## Assigned task
Make an exact copy of all the records, one that contains none of the pictures.
== Segment start ==
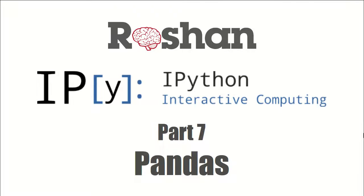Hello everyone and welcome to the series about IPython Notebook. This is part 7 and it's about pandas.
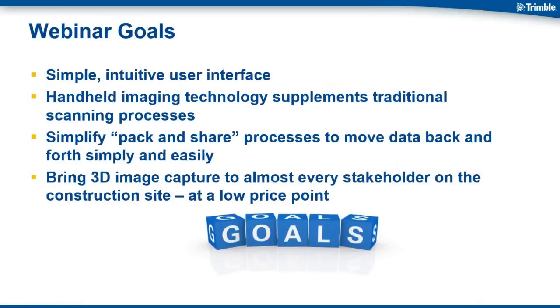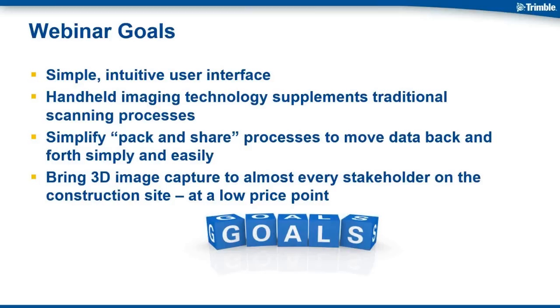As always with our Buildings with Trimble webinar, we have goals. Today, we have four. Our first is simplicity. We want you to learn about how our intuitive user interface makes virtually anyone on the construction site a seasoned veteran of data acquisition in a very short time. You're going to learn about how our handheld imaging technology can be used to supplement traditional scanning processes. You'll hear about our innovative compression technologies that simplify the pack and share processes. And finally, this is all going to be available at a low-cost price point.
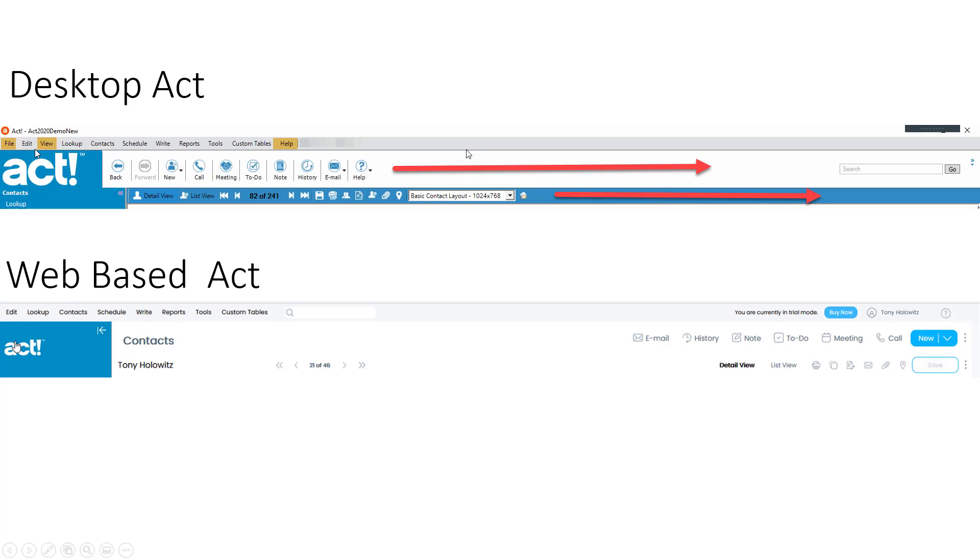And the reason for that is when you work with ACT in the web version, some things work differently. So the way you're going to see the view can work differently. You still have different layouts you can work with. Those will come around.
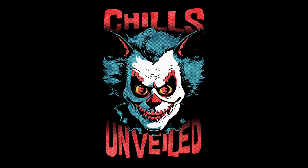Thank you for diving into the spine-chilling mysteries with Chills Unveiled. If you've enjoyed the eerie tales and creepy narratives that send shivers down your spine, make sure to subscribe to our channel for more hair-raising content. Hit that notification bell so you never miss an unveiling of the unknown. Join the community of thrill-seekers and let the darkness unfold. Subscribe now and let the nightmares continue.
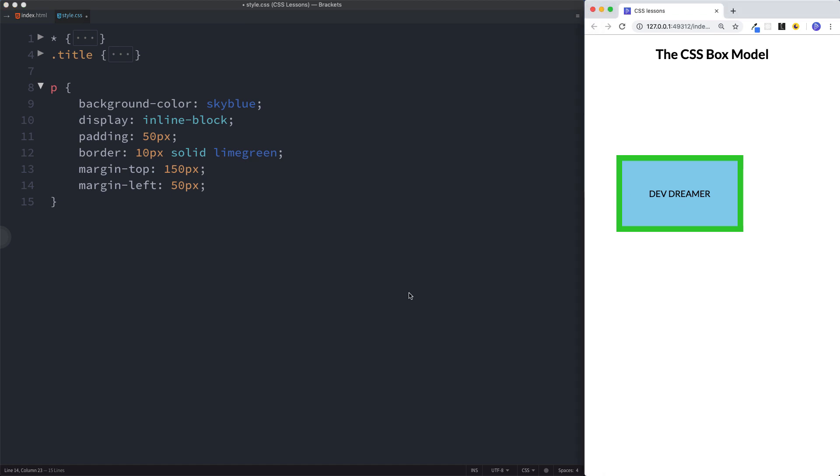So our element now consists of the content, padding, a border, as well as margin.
== Segment end ==
## Solution for this problem
Hello everyone and welcome to the series about IPython Notebook. This is part 7 and it's about pandas.
As always with our Buildings with Trimble webinar, we have goals. Today, we have four. Our first is simplicity. We want you to learn about how our intuitive user interface makes virtually anyone on the construction site a seasoned veteran of data acquisition in a very short time. You're going to learn about how our handheld imaging technology can be used to supplement traditional scanning processes. You'll hear about our innovative compression technologies that simplify the pack and share processes. And finally, this is all going to be available at a low-cost price point.
And the reason for that is when you work with ACT in the web version, some things work differently. So the way you're going to see the view can work differently. You still have different layouts you can work with. Those will come around.
Thank you for diving into the spine-chilling mysteries with Chills Unveiled. If you've enjoyed the eerie tales and creepy narratives that send shivers down your spine, make sure to subscribe to our channel for more hair-raising content. Hit that notification bell so you never miss an unveiling of the unknown. Join the community of thrill-seekers and let the darkness unfold. Subscribe now and let the nightmares continue.
So our element now consists of the content, padding, a border, as well as margin.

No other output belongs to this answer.